Dear Diary,

School wasn’t nice. There wasn’t anything particularly horrible about it. Except for a few dark episodes, not connected with the school itself but with people’s inability to handle global changes in a decent manner, it was okay. The problem was that I just wasn’t there. I don’t mean physically. There was a short period of time when my attendance wasn’t what it should be, but the reason for that wasn’t problems at school – it was those dark episodes I mentioned.

I didn’t belong. My mind was always wandering somewhere far from the school hallways, the talks about boyfriends, and mischievous ways to get hold of alcohol and cigarettes. I wasn’t interested in any of these things. It seemed that with everything that had already happened to me, I skipped the being teenager part altogether. Someone half-jokingly told me at that time that I was like a forty-year-old woman, and now I think they were right.

While for many of my classmates, the school was the centre of life, for me, it was always somewhere on the periphery. Something unavoidable but not important. I’m not proud of not being able to recall the names of almost all of the people I went to school with. Still, the fact illustrates my attitude better than anything.

I wasn’t lonely, and, surely, I wasn’t an outcast. After my first best school friend died, a new girl came into our class, and for many years, we became inseparable. She lived in the seaside town where I lived, and we took a train together every morning, having agreed on a train carriage we’d meet. She didn’t often join me on the way back home. She was the most popular girl in our class and beyond, and she usually had more interesting things to do after school than rush home. She always asked me to join her, but for me, there wasn’t anything I wanted more than to get lost in yet another book.

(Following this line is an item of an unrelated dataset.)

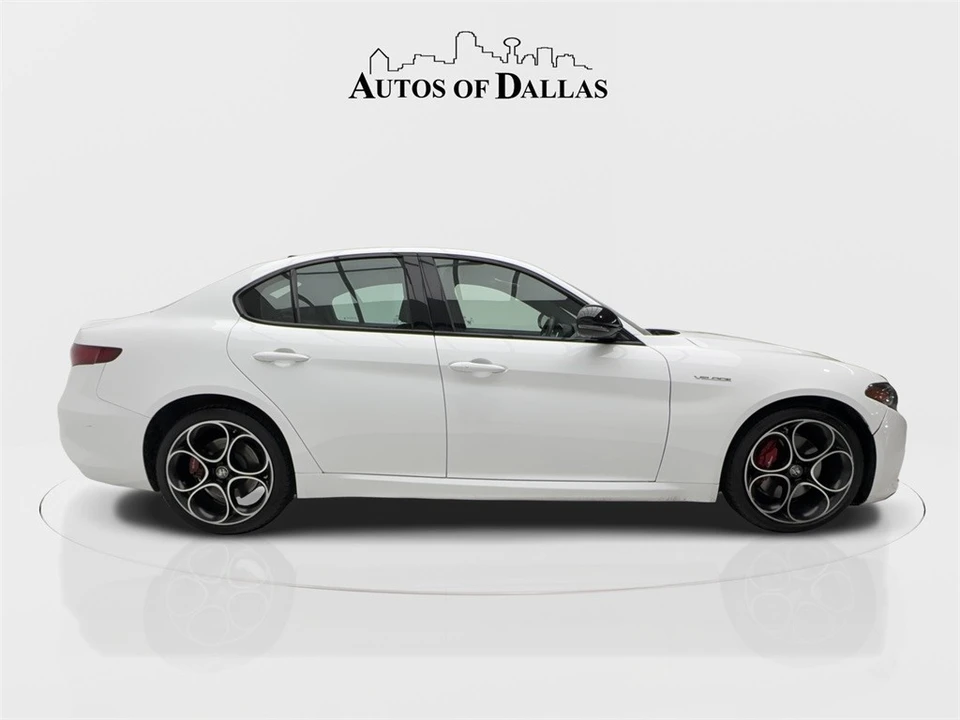 2023 Alfa Romeo Giulia - Image 7 of 12
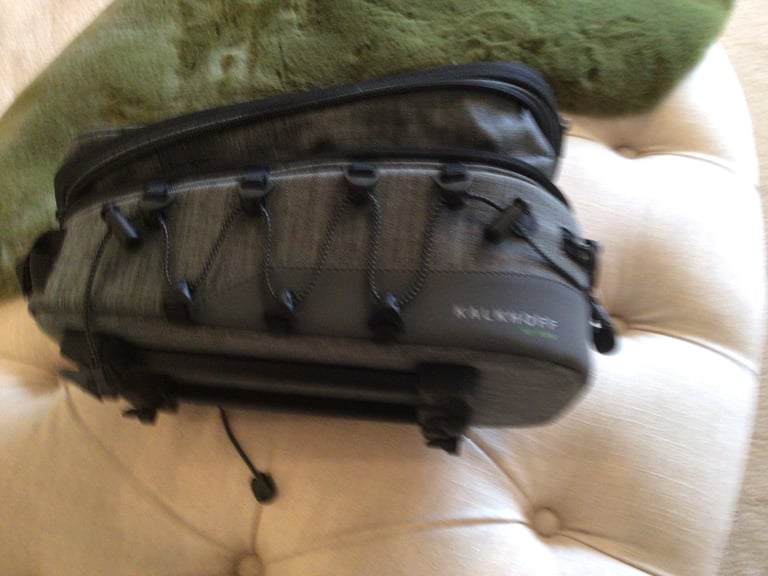 Bike Rear Rack Bag. Kalkhoff Onbag. Top Quality Item. With ‘Racktime’ Quick Fastener. New & Unused.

It wasn’t as easy as it is now to buy the books one wanted to read, so book lovers grabbed every book they could find. That is why the impressive library my father had managed to accumulate is a rather unconventional collection of literary works comprising various genres from historical to crime fiction. For the same reason, I wasn’t choosy in my bookish preferences. I read everything from Honoré de Balzac to Jack London, not skipping Tolstoy and Dostoyevsky, even if I genuinely preferred Alexandre Dumas. I remember how excited I felt when my mom brought the volume of “Gone with the Wind” from somewhere, and how my joy dwindled a bit once I realised that it was only the second volume. I’d lived for years having read only the second part of the book! Dear Diary, I’m warning you, there is nothing funny about it, so don’t you dare laugh, but when I finally got hold of the full book in two volumes, twenty pages in book one were missing. And then, it took another handful of years before I could read Margaret Mitchell’s masterpiece in full.

When I hear that belittling remark about “nowadays everyone is a writer”, I feel like giggling hysterically. As far as I’m aware, illiteracy had been conquered a while ago, at least, in my part of the world, but still, when I was a teenager almost no one my age was interested in reading, let alone writing. It doesn’t seem logical to me that in the present era of the Internet and digitalization, more people have become interested in books, even in ebooks.

And so, I spent the years I was supposed to fill with reckless escapades with my head deep into book pages, and dear Diary, I’ve never regretted it. I travelled across continents and time when in real life, I couldn’t travel. I was surrounded by hundreds of fictional characters, while in reality, I was losing one close person after another. When out of our huge and fussy family, with people moving between cities and countries (republics at that time), with someone always arriving and departing, staying for months until it seemed that they’d stay forever and everyone would only be happy if they did, there were left only my mom, my aunt, and I, I met new people through books.

By the age of eighteen, I’ve read so many books that it came almost naturally that I stopped reading.

2 thoughts on “Dear Diary,

Add yours

  1. Hello, Eve, I very much related to this post. Although I am certain we had different backgrounds and different reasons, I shared many of the same feelings you had about school and preferring to be home reading than out doing the things everyone else wanted to do. Maybe there is a little bit of loner in all of us writers. 🙂

    Liked by 1 person

    1. Hi, Kelly, thank you so much for sharing your thoughts. Even after all these years, it feels good to know that someone went through similar experiences. Back then, I felt pretty much alone. Yes, I agree, it must have something to do with us being storytellers 🙂 Our minds work in their own mode.